2) This is an interesting issue. Do you have any thoughts about how we might address it? Nothing simple immediately comes to mind. I'll keep thinking.
1) Yep - I ran as "~/Code/methpat/methpat/methpat.py --filterpartial --amplicons regfile.txt ${outdir}/${samp}/CpGOT${samp}*.txt --webassets online --logfile ${samp}.top.pf.methpat.log \ --html ${samp}.top.pf.methpat.html >${samp}.top.pf.methpat.tsv"
This is on Ubuntu 14.04 LTS with Python 2.7.6 (though I also have python 3 installed, it typically requires a specific call to python3, default python calls python2)
2) Yeah, so, I wrote some R code to filter and it works pretty well. I look for CGs that are present in at least 1% of reads (because this aberrant CG only appears at small frequency due to accuracy of Illumin). I then filter out CGs present at less than this frequency, then filter out reads which don't have all of the >1% covered CGs, and plot.
Thanks @timp0.
Sorry for my slow reply, have been a bit distracted by other work.
Your proposed approach sounds good. I'll have a go at implementing it soon. May be a bit slow due to being busy, but do let me know if this is holding up your work.
Hi @timp0
I've made an attempt at implementing your suggested 2) solution above.
The new code is pushed to the filter_unkowns branch on github.

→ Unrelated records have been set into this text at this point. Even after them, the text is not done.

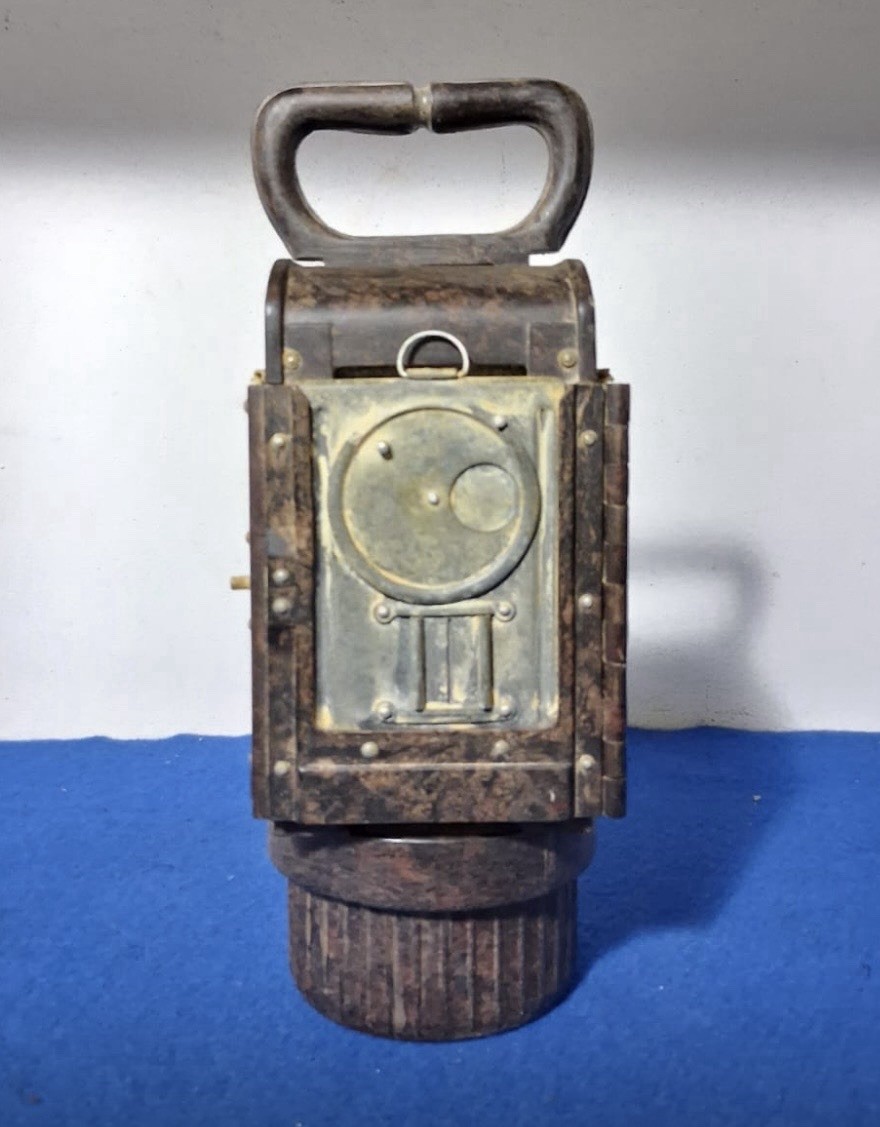 Lampada Guerra Tedesca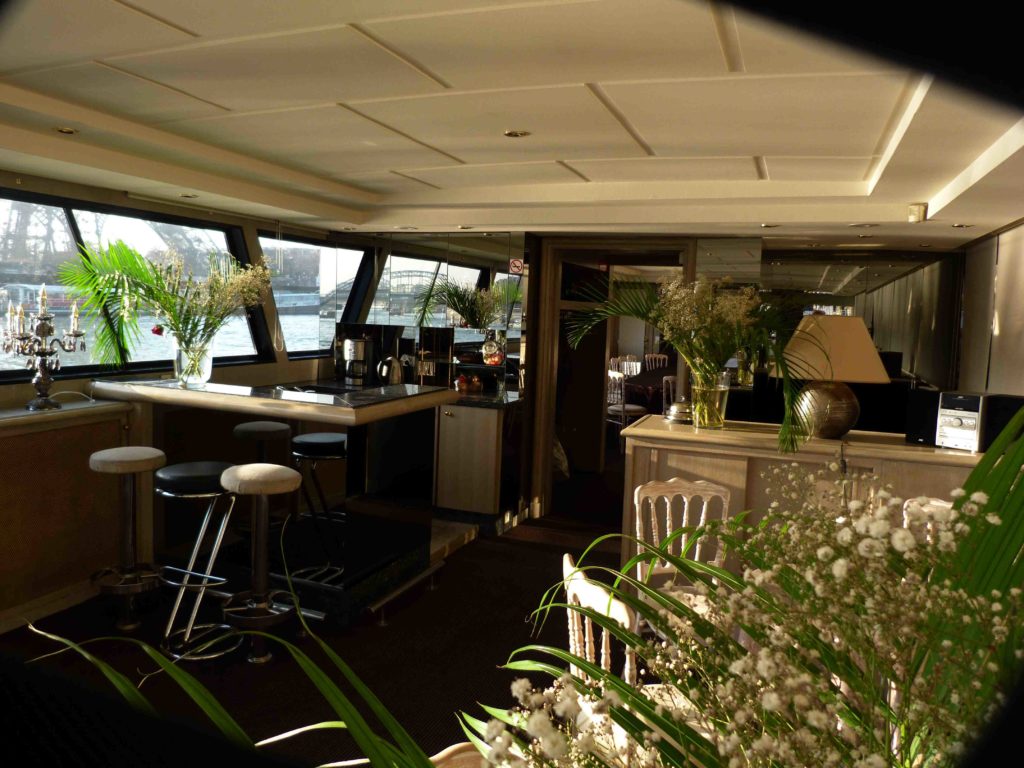 péniche navigante tour eiffel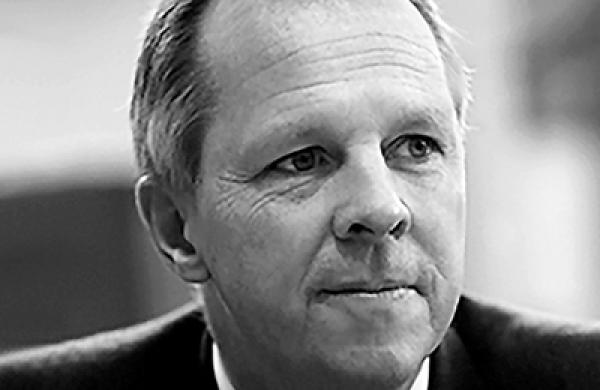 2014-10-david-rothnie-rainmakers-robin-budenberg-large116.jpg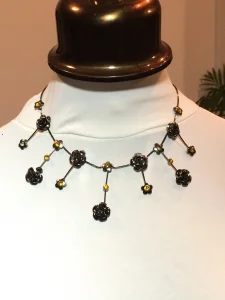 Ogrlica i minđuše rezervisano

I've added a new command line argument --min_cpg_percent PERCENTAGE
If you specify this argument then it will only consider CPG sites which appear in at least PERCENTAGE of reads for an amplicon.
This works on its own, or in conjunction with the --filterpartial argument already added.
I think this addresses the problem that you saw in targreg3.
Here is an example command line:
methpat --amplicons regfile.txt --min_cpg_percent 1 --filterpartial CpG_OB_TX20_S12_L001_R1_001_val_1.fq.gz_bismark_bt2_pe.txt > out.tsv
When you have time I would appreciate it if you could test it out and let me know how it goes.
Cheers!
hi @bjpop
There's a syntax error on my system "SyntaxError: invalid syntax File "/home/timp/Code/methpat/methpat/methpat.py", line 237
I think because you have a comment in the middle of the conditional, which my version of python (2.7.6 on ubuntu) doesn't seem to like. When I altered that, worked perfectly.
Sorry about that.
I've fixed in c84d10cda40ba4fef8874ea90aaec3071b534547
If that's all good with you I will merge to master and update the user docs.
Cheers!
It's great - thanks so much for working on this issue - I think it makes the code that much stronger personally, and definitely helps me!
No worries. I appreciate all the input you have provided. It was very helpful. I agree that it makes the code stronger.
I'll work towards merging it to master and fixing the docs.
Documents updated and merged to master.
Would it be possible to filter out reads with partial coverage - remove the reads that have "unknown" methylation status? It'd be useful for high-coverage BS-seq data sets where we want to plot specific regional patterns.